As the fiercely independent and single-minded Katerine Hilbery, Haley Bennett carries the thematic threads of this film effortlessly, sidestepping cultural expectations on her way to carving out a career in academia. Pressured on all sides by parental intentions, and the attentions of Jake Whitehall as kind-hearted suitor William Rodney, this SXSW London premiere is thought-provoking stuff.
With a supporting cast that reads like a roll call of British acting talent including Timothy Spall, Jennifer Saunders, and songstress Lilly Allen, Night & Day walks a fine line between farce and formidable social commentary. With the subtly of a silken sledgehammer, it chips away at prejudice, questions gender politics, and ushers in a new age of equality. That it manages to do so without preaching from the pulpit is also admirable given the source material.

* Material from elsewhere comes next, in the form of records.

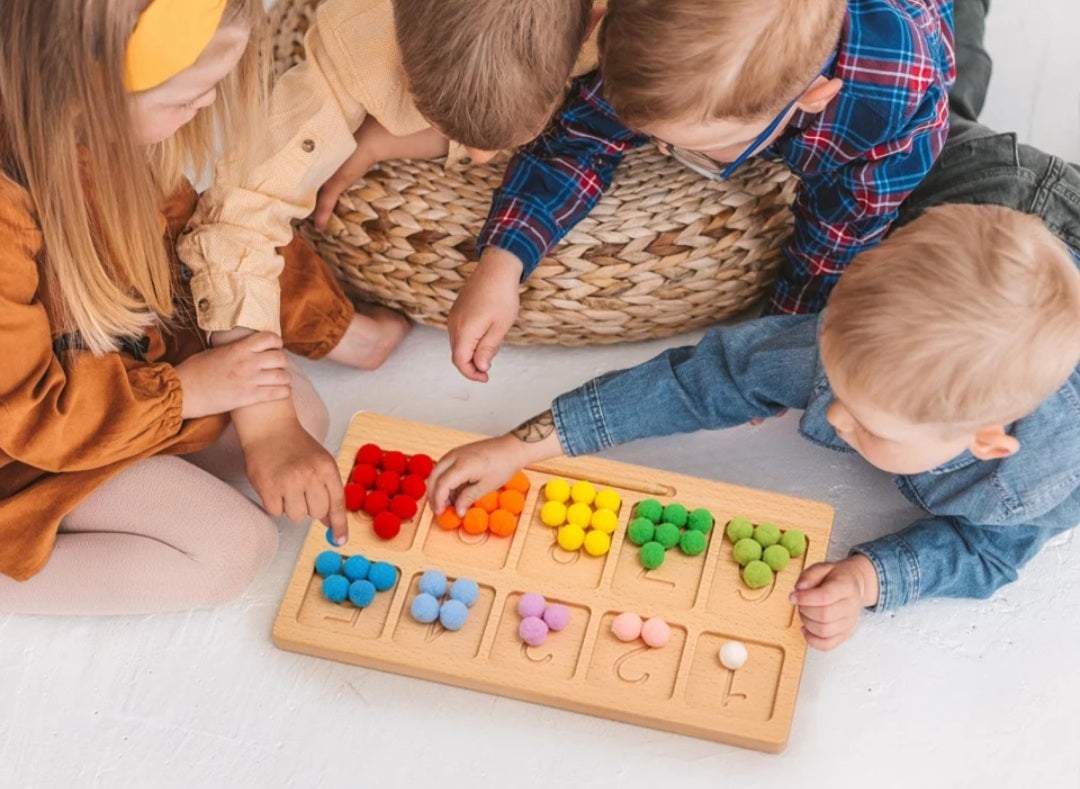 Little Giggles Learn to Count Board | Image 2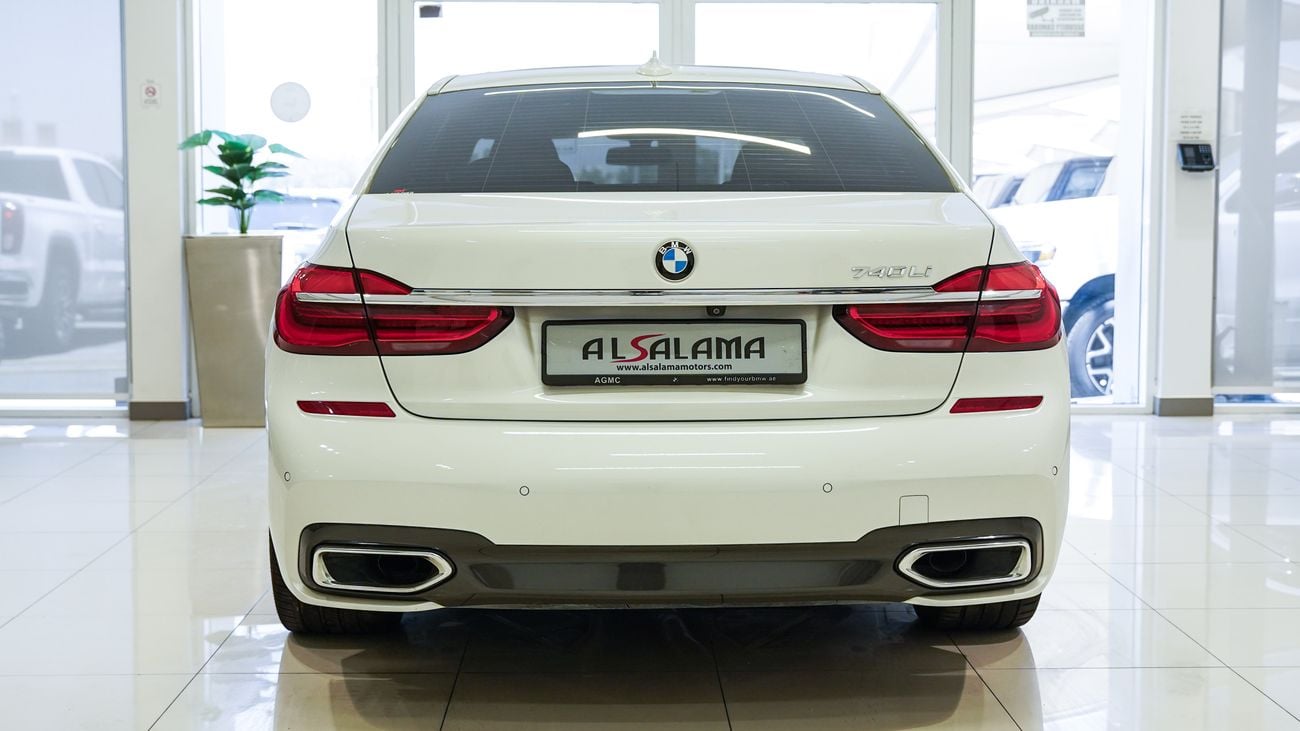 بي أم دبليو 740i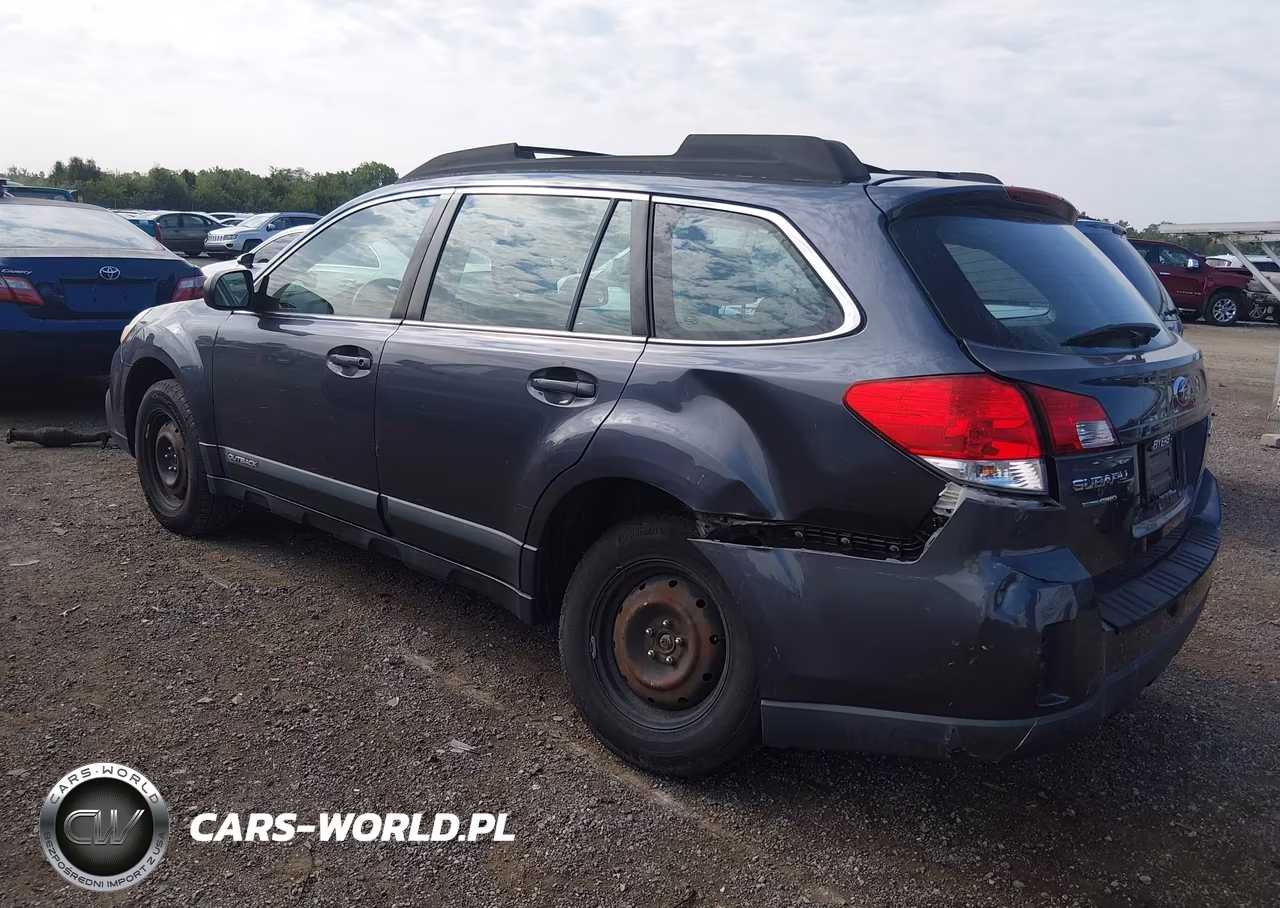 2014 Subaru Outback 2.5I VIN:4S4BRCAC8E3319205 - 3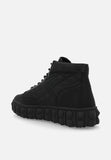 Mazerata Mens Pigale 9 Faux Nubuck Shoes In Black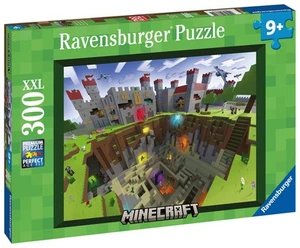 Ravensburger Minecraft Cutaway Jigsaw Puzzles for Kids Age 9 Years Up - 300 Piec - Foto 1 di 10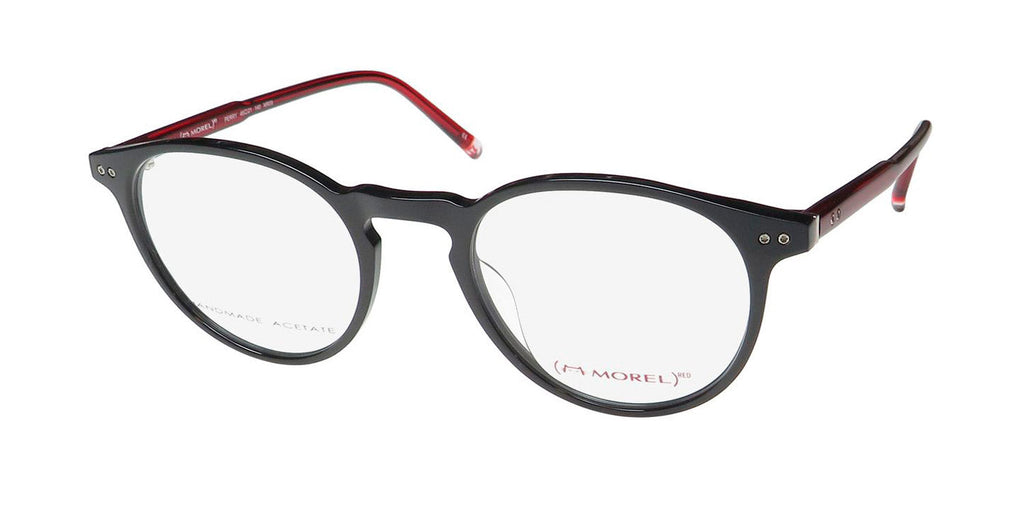 Morel Red Perry 90016c Eyeglasses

Image Courtesy of Vue Lumiere
What director Tina Gharavi has done here is explore an outmoded way of thinking without layering too many contemporary themes on top. There is an undeniable comparison to concerns around inclusivity that can be drawn between then and now, but this happens beneath the surface veiled slightly by the buffoonery of a cast clearly having fun.
As the cantankerous patriarch Mr.Hilbery, Timothy Spall blusters his way through an endearing performance as the head of this family, bulking at the idea of his daughter pursuing anything other than motherhood. Elsewhere, Lilly Allen leaves an impressive mark on this movie as an under the radar radical, running an underground rebellion against conventional thinking.

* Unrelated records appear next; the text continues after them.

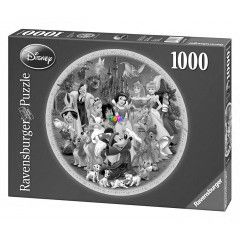 Puzzle - Disney, kr alak, 1000 db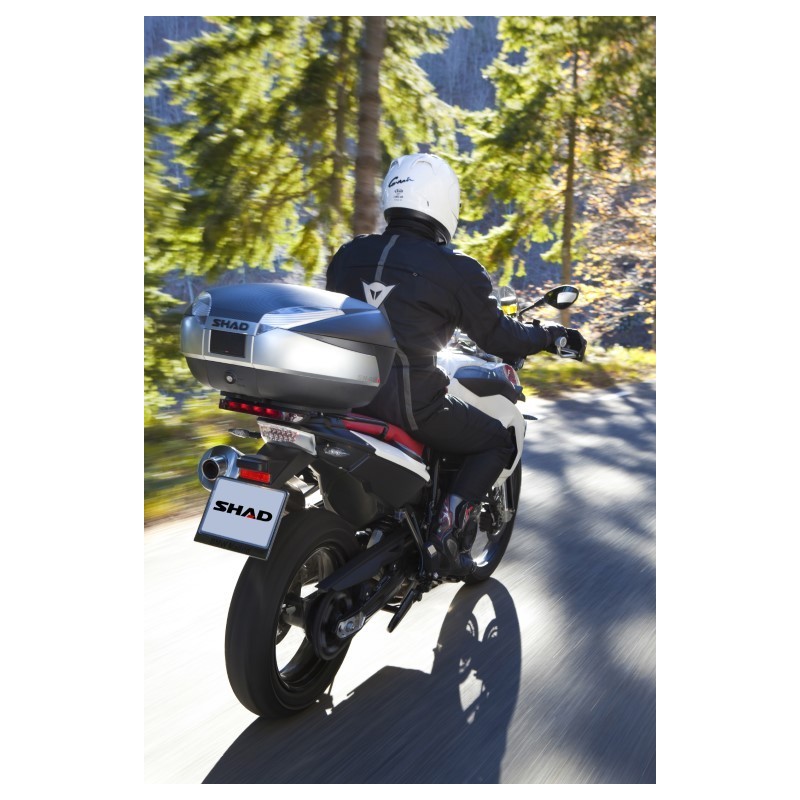 baul moto shad sh48 acabado new titanium d0b48400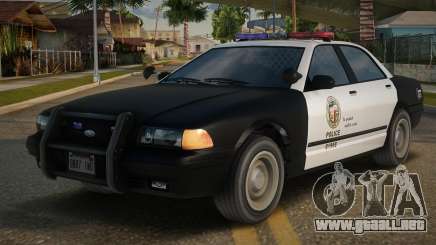 Ford Crown Victoria Police SA para GTA San Andreas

There are whispers of sexual liberation, clandestine meetings in quiet corners, and Haley Bennett leading the charge as a true force of nature. Katherine Hilbery might not embody anything truly original with her desire to break away from maternal duties, but Night & Day feels fresh regardless. There is a vibrancy to the ensemble that pumps new life into this Virginia Woolf essential and does so with style and panache.
In a sea of period pieces including Savage House, Night & Day might not reinvent the archetype of intellectually ferocious women looking to be liberated, but it reminds other filmmakers where that bar might be from now on. However, in an era of YouTube wunderkinds that have turned horror into an entirely different animal, whether it makes an impression is another thing.
Night & Day is in selected cinemas from 19 June.